Caches in Commercial Processors 68040 Caches –2 caches (each 4K bytes) (1 instruction, 1 data) –Uses set associative organization (64 sets, each 4 blocks) –Each block has 4 long words, each long word 4 bytes.
Caches in Commercial Processors Pentium III (high performance processor) –Requires fast access to instructions and data –2 cache levels Level 1 – –16KB instruction »2-way set-associative organization (instructions not normally modified during execution) –16KB data »4-way set associative organization »Can use either writeback or write through policy Level 2 –Much larger
Level 2 Cache of Pentium III Can be implemented external to processor –Katmai 512KB Implemented using SRAM memory 4-way set-associative organization Uses either write-back or write through protocol, programmable on a per-block basis. Cache bus is 64-bits wide
Level 2 Cache of Pentium III Can be integrated with processor –Coppermine 256KB 8-way set-associative organization Cache bus is 256-bits wide
Which method is better? External cache –allows larger cache –Larger data path width not available because of pins needed and increased power consumption of output drivers –Has slower clock speeds (Katmai driven at half processor speed; coppermine driven at full processor speed) Internal cache –Reduces latency, increases bandwidth because of wider path –Processor chip becomes much larger, making it much more difficult to fabricate.

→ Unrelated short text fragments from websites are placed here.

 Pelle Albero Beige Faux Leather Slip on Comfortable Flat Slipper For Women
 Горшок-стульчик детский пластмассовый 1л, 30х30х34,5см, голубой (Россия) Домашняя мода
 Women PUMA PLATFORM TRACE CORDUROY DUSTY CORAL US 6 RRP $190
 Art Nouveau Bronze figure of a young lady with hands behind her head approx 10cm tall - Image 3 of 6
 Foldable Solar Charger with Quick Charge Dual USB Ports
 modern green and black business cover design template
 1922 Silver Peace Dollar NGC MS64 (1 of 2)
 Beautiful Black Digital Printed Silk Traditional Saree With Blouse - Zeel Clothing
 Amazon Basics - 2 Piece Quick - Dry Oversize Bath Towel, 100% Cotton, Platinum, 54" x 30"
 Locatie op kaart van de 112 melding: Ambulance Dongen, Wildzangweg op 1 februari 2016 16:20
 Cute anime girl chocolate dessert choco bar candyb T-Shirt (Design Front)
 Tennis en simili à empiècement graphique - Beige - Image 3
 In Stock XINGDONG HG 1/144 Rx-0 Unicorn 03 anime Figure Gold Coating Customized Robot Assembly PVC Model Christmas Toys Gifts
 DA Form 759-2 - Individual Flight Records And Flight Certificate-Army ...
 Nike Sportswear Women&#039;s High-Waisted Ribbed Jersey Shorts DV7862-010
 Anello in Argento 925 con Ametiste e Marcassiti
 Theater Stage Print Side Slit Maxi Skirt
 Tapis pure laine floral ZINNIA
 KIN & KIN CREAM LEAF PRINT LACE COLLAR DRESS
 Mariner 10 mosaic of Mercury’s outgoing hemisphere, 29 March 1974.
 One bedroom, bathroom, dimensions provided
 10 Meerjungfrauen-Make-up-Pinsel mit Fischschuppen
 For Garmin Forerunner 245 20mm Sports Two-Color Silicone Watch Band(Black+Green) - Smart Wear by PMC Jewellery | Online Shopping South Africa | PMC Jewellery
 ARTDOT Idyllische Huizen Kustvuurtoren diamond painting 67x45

Pentium 4 Caches Can have up to 3 levels of cache L1 –Data cache (8 Kbytes) –4-way set-associative organization –Cache block 64K bytes –Write through policy is used on writes –Integer data can be accessed from data cache in 2 clock cycles (less than 2 ns) –Instruction cache does not hold normal instructions (rather already decoded versions of instructions).
L2 of Pentium 4 Unified cache of 256K bytes 8-way set-associative Write-back policy Access latency is 7 clock cycles Implemented on processor chip. L3 cache also available for on-chip but not for desktops, intended for servers.